The core of RedPajama is a multi-terabyte text corpus (training data / ML datasets) assembled to approximate the composition described in public LLaMA documentation, using openly sourced components. The dataset aggregates content from several major categories such as web documents, books, code, and other text sources, following explicit filtering and deduplication procedures. This provides a structured foundation for pretraining large language models with a data mix that is documented and reproducible, which is relevant for organizations with governance and compliance requirements.

On top of the dataset, the RedPajama initiative includes released models (LLM model zoo / foundation models), such as base pretrained models and instruction-tuned variants. These models are intended to be used as starting points for downstream fine-tuning, evaluation, and application-specific customization. Enterprises can use these models for tasks such as text generation, classification, summarization, and code-related workloads, either on Together’s infrastructure or in their own environments, depending on licensing constraints described in project materials.

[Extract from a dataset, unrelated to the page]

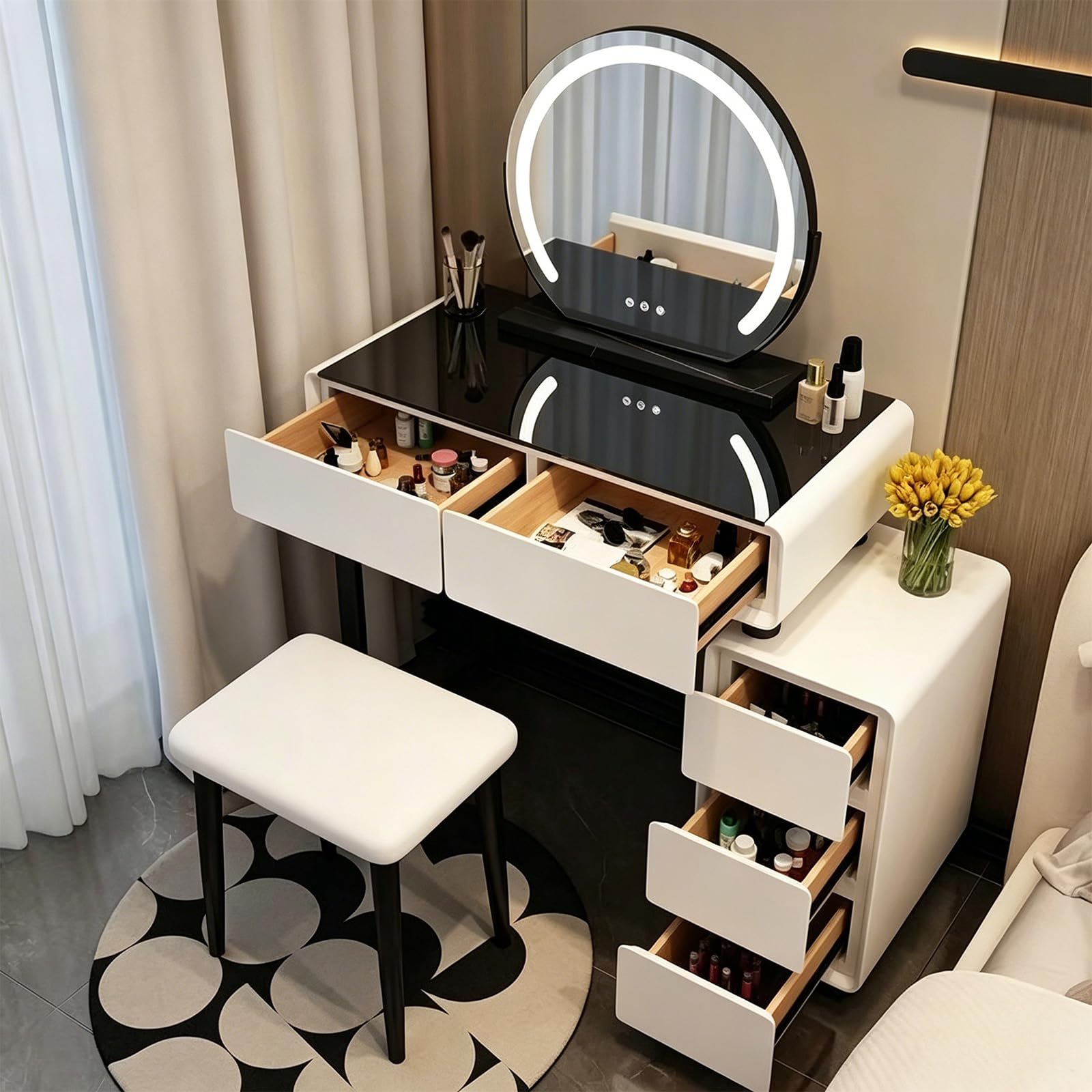 Vanity Desk with Mirror and Drawers, 80cm Compact Dressing Table with Stool, Stain-Resistant Black Glass Desktop & 3-Color LED Lighted Mirror for Small Bedroom, White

The project aligns with Together’s broader platform (AI platform / model hosting), which offers infrastructure for training and serving large language models. This includes compatibility with standard deep learning frameworks (machine learning frameworks) and support for scalable Graphics Processing Unit (GPU) compute. Organizations can incorporate RedPajama-based models into MLOps pipelines for experimentation, A/B testing, and deployment, leveraging APIs and tools from Together for hosting, monitoring, and scaling inference workloads.

From an enterprise architecture perspective, RedPajama fits in directories under categories such as open LLMs, training datasets, and Artificial Intelligence (AI) infrastructure platforms. The project provides a referenceable dataset recipe, associated base and instruction-tuned models, and a commercial platform context via Together. This combination enables technical teams to evaluate open data and models alongside proprietary alternatives, design reproducible training experiments, and integrate large language capabilities into applications under clearer data provenance and model lineage.